Task goal: Extract only the first line of the listing and every line after it up to and including the one with "Plus de détails". Omit the pictures.

Entries provided:

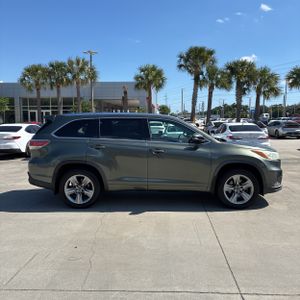 TOYOTA HIGHLANDER - 10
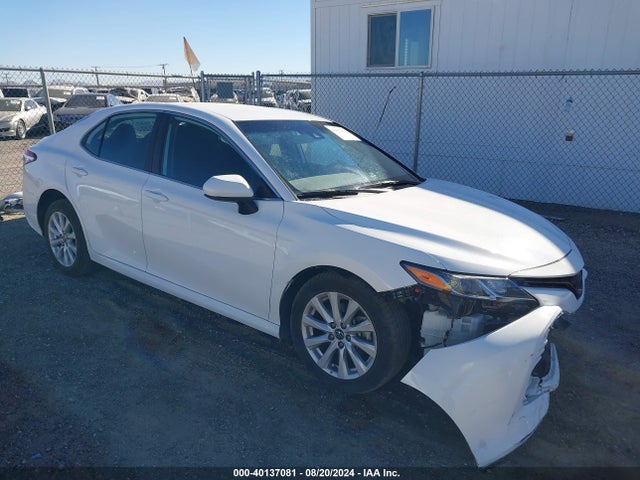 Toyota CAMRY LE 2019 4T1B11HK0KU187894 главное изображение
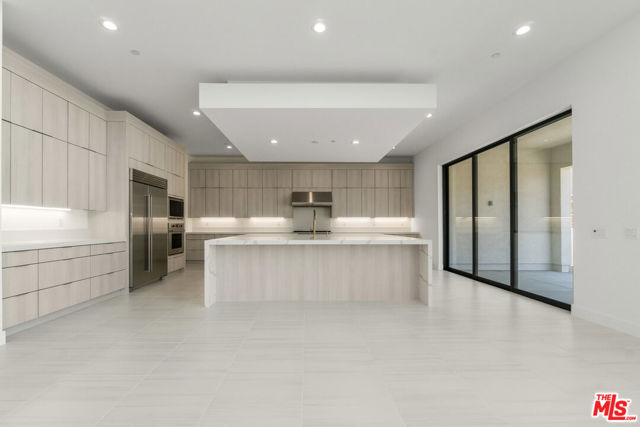 20115 W Galway Lane, Porter Ranch CA: https://media.crmls.org/mediaz/093b3cab-27b0-412d-a43e-83d3274895eb.jpg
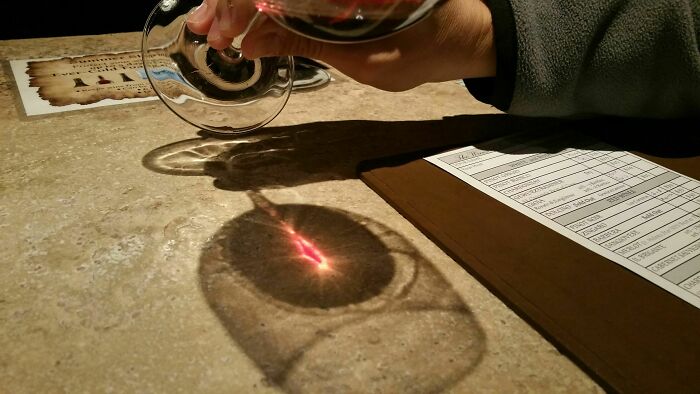 Encontré el ojo de Sauron mientras estaba en una cata de vinos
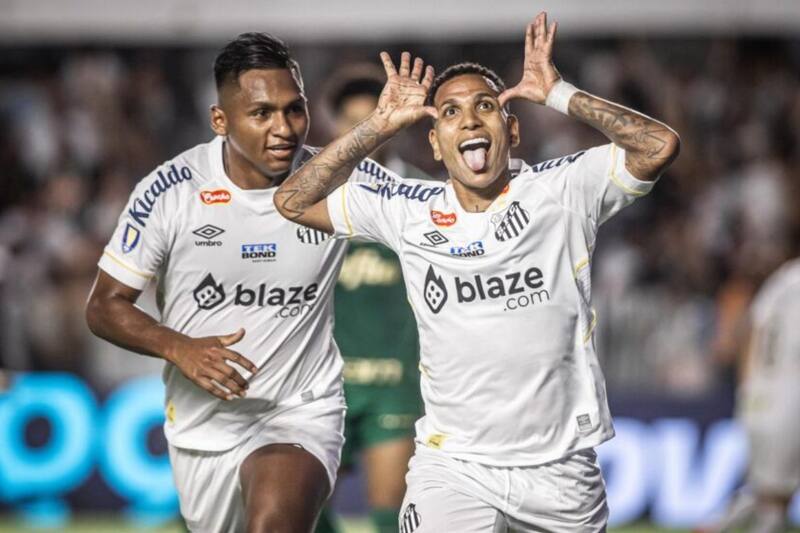 El venezolano juega actualmente en el Santos FC de la Serie B de Brasil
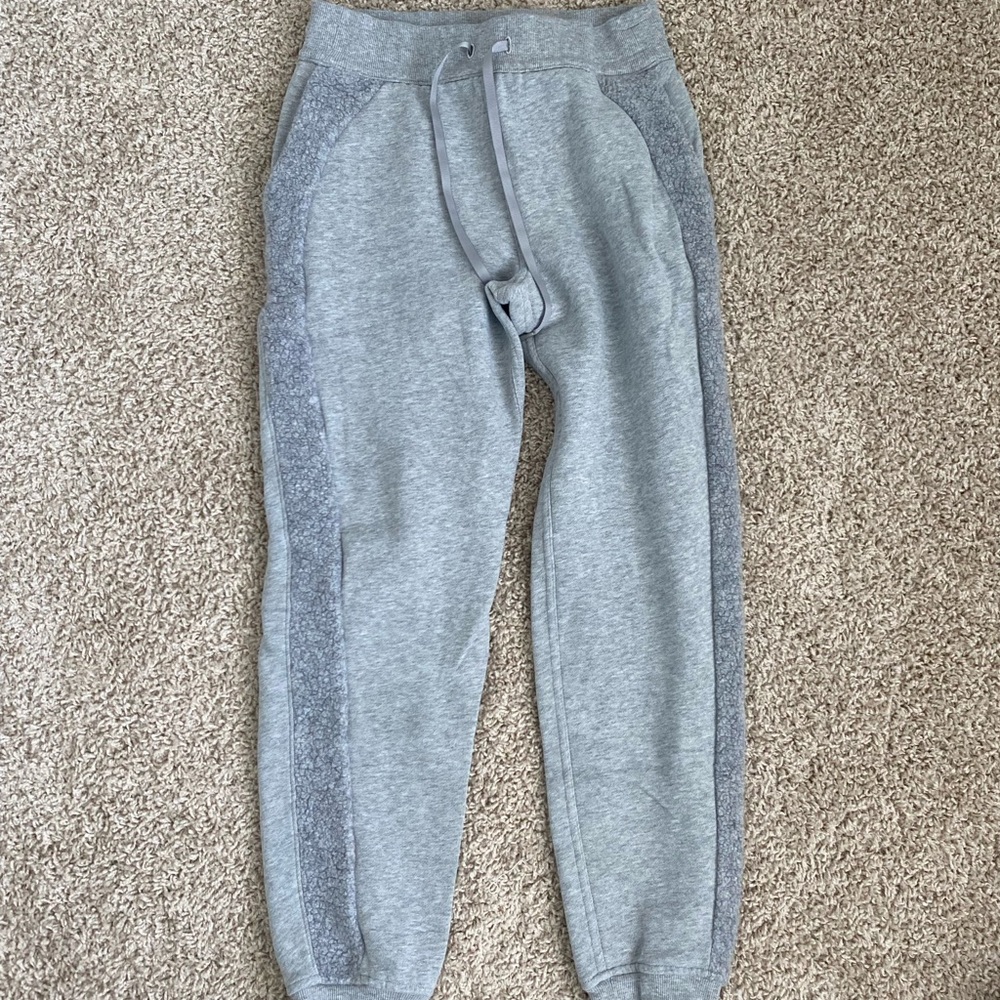 Lululemon Grey Sherpa Jogger Worn Once
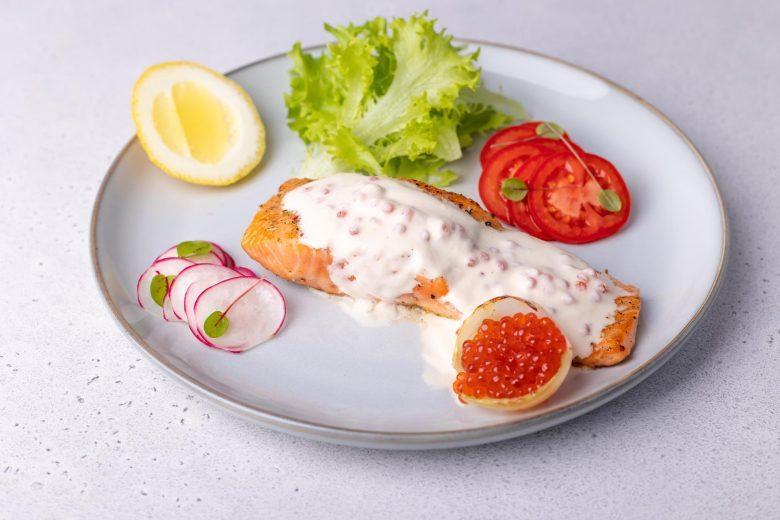 Salmão ao molho de iogurte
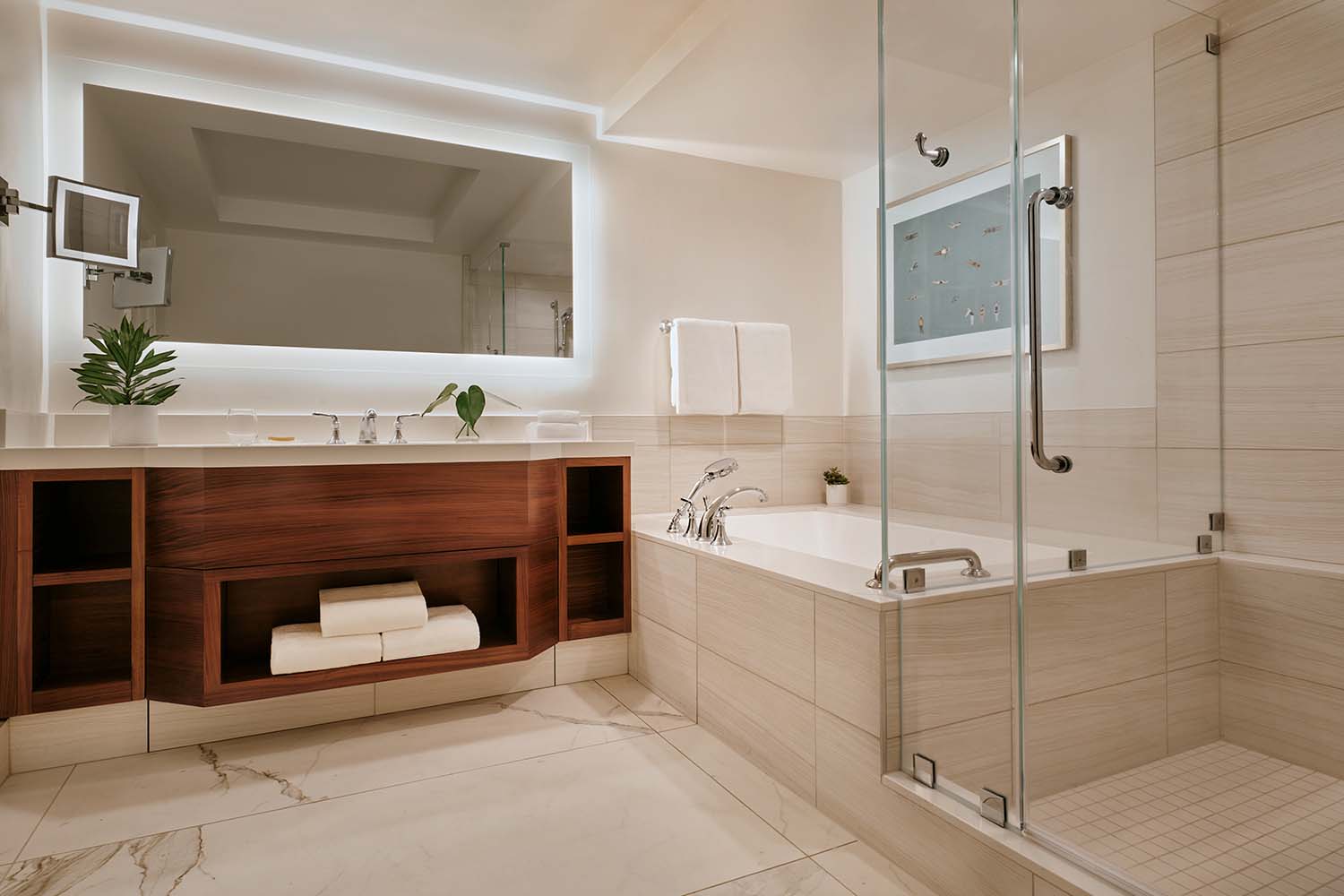 Ocean View - 2 Queen Beds LuxuriaVacations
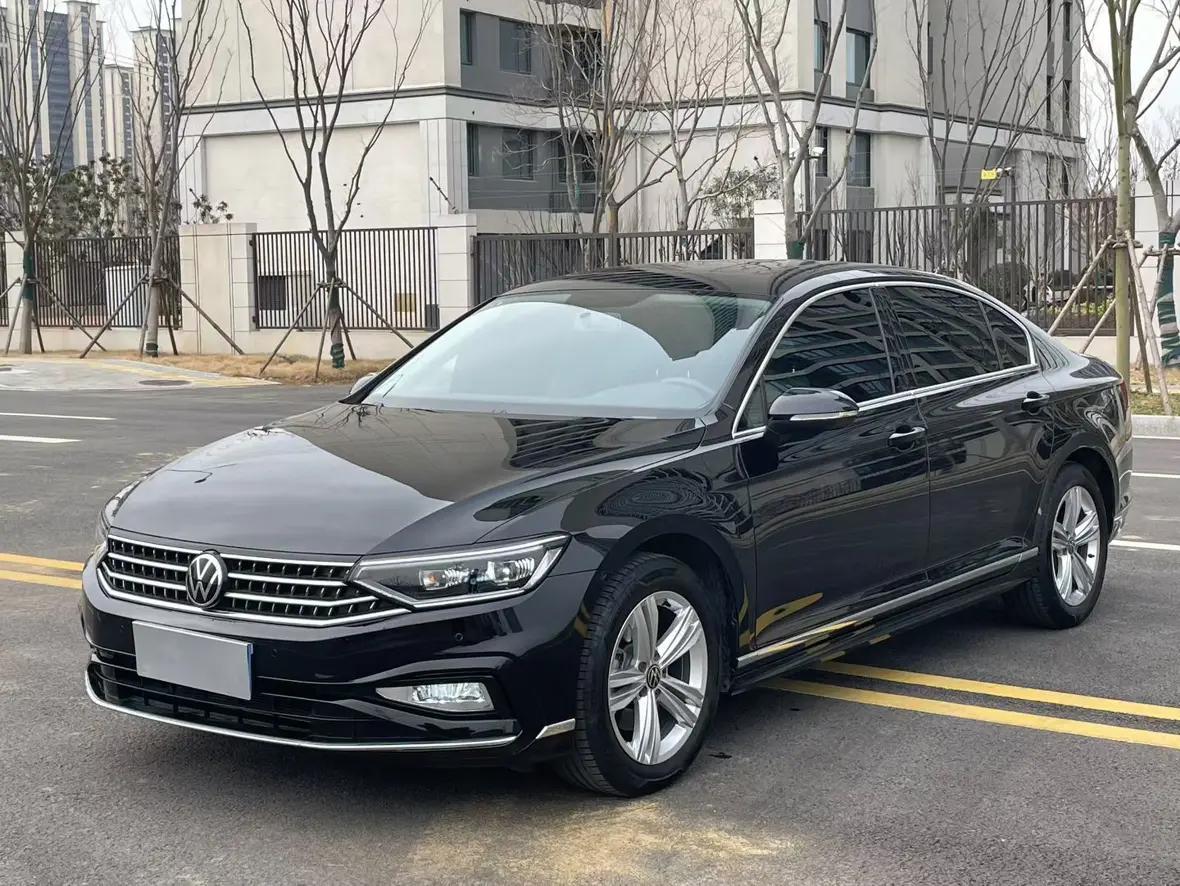 Volkswagen Magotan 2025 г. 27037 км.
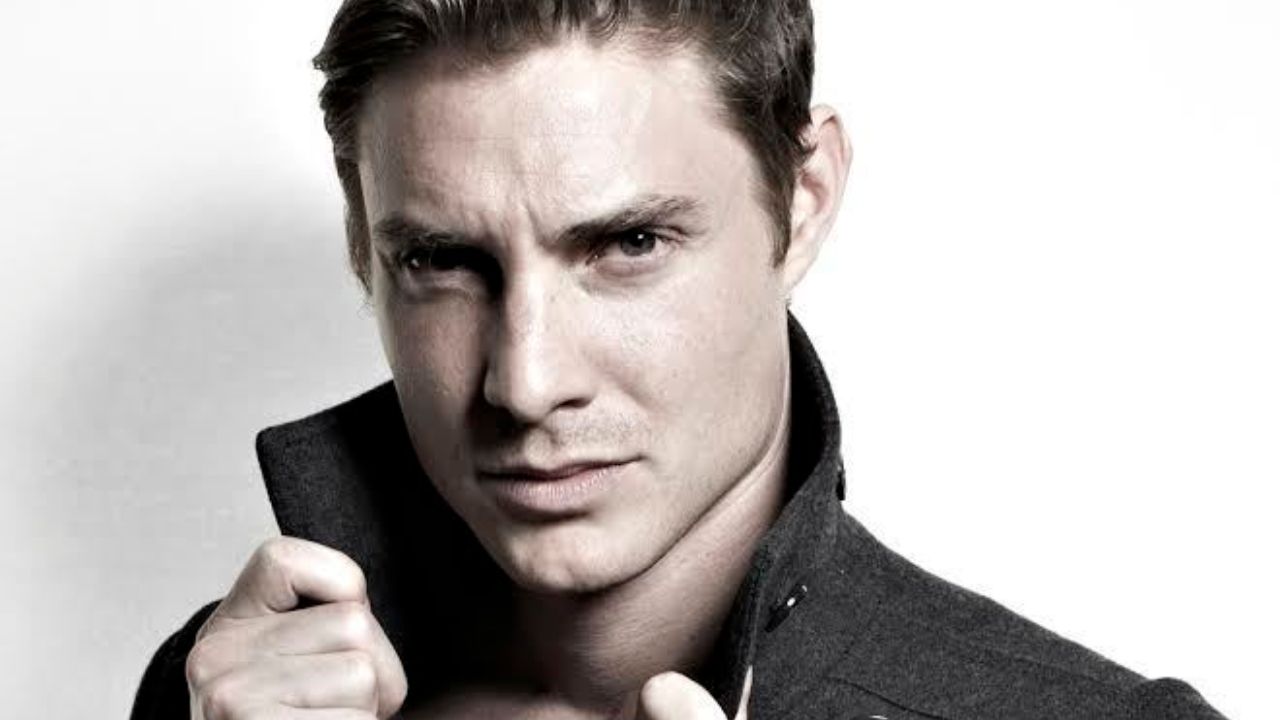 Downton Abbey | Max Brown, da série The Royals, entra para o elenco do longa
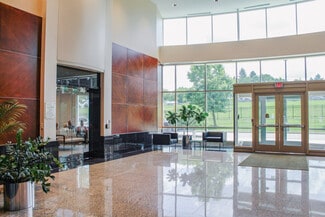 Plus de détails pour 950 Trade Centre Way, Portage, MI - Bureau à louer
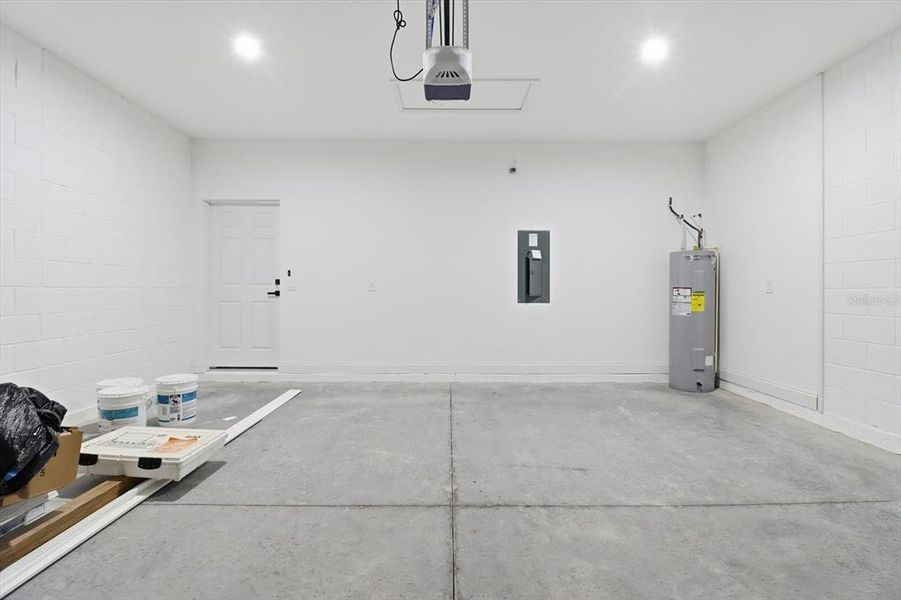 Spacious, unfurnished interior of a new home in , Citrus Springs (Image 39).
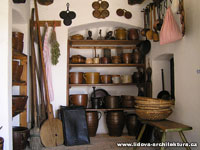 Kuchyňské nádobí položené na policích nebo zavěšené na stěnách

Response box:
 TOYOTA HIGHLANDER - 10
 Toyota CAMRY LE 2019 4T1B11HK0KU187894 главное изображение
 20115 W Galway Lane, Porter Ranch CA: https://media.crmls.org/mediaz/093b3cab-27b0-412d-a43e-83d3274895eb.jpg
 Encontré el ojo de Sauron mientras estaba en una cata de vinos
 El venezolano juega actualmente en el Santos FC de la Serie B de Brasil
 Lululemon Grey Sherpa Jogger Worn Once
 Salmão ao molho de iogurte
 Ocean View - 2 Queen Beds LuxuriaVacations
 Volkswagen Magotan 2025 г. 27037 км.
 Downton Abbey | Max Brown, da série The Royals, entra para o elenco do longa
 Plus de détails pour 950 Trade Centre Way, Portage, MI - Bureau à louer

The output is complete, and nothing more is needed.